What you should do -> Starting at the line that has "Let's use the" and stopping after the line that has "Another question was: do", reproduce the listing below exactly; omit everything else.

Supplied data ->
+ + + + +

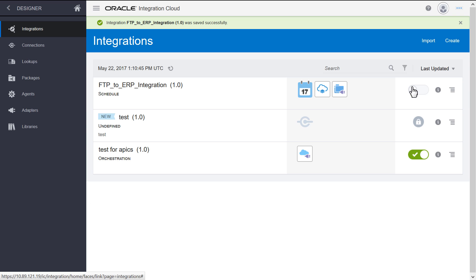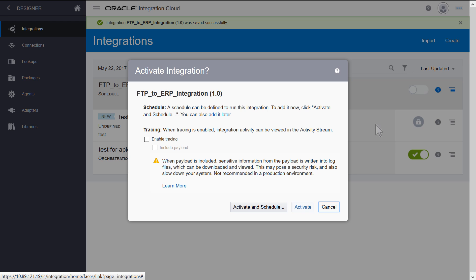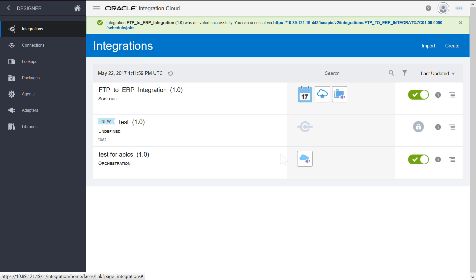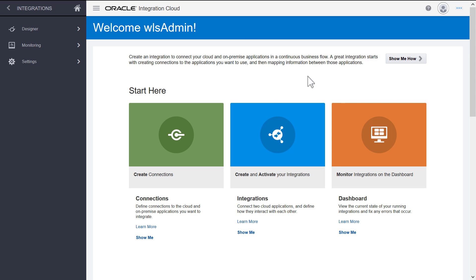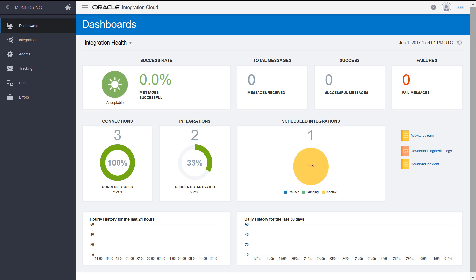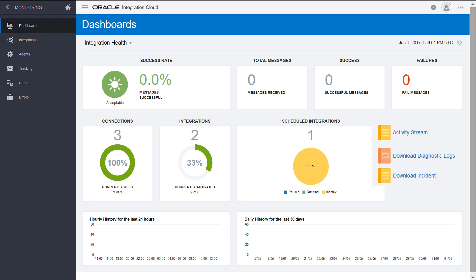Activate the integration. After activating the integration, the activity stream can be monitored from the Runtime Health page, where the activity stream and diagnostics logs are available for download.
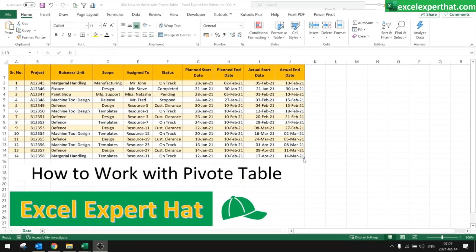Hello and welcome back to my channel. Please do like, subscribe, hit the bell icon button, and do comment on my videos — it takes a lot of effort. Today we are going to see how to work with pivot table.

+ + + + +

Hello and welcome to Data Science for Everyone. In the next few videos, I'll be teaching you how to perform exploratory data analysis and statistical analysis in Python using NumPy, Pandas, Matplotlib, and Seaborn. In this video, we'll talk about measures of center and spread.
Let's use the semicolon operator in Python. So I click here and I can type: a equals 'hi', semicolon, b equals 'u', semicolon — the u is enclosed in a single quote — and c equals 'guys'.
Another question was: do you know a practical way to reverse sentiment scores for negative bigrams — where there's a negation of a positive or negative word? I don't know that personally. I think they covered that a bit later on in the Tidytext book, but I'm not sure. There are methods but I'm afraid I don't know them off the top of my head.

+ + + + +

Solution to the problem ->
Let's use the semicolon operator in Python. So I click here and I can type: a equals 'hi', semicolon, b equals 'u', semicolon — the u is enclosed in a single quote — and c equals 'guys'.
Another question was: do you know a practical way to reverse sentiment scores for negative bigrams — where there's a negation of a positive or negative word? I don't know that personally. I think they covered that a bit later on in the Tidytext book, but I'm not sure. There are methods but I'm afraid I don't know them off the top of my head.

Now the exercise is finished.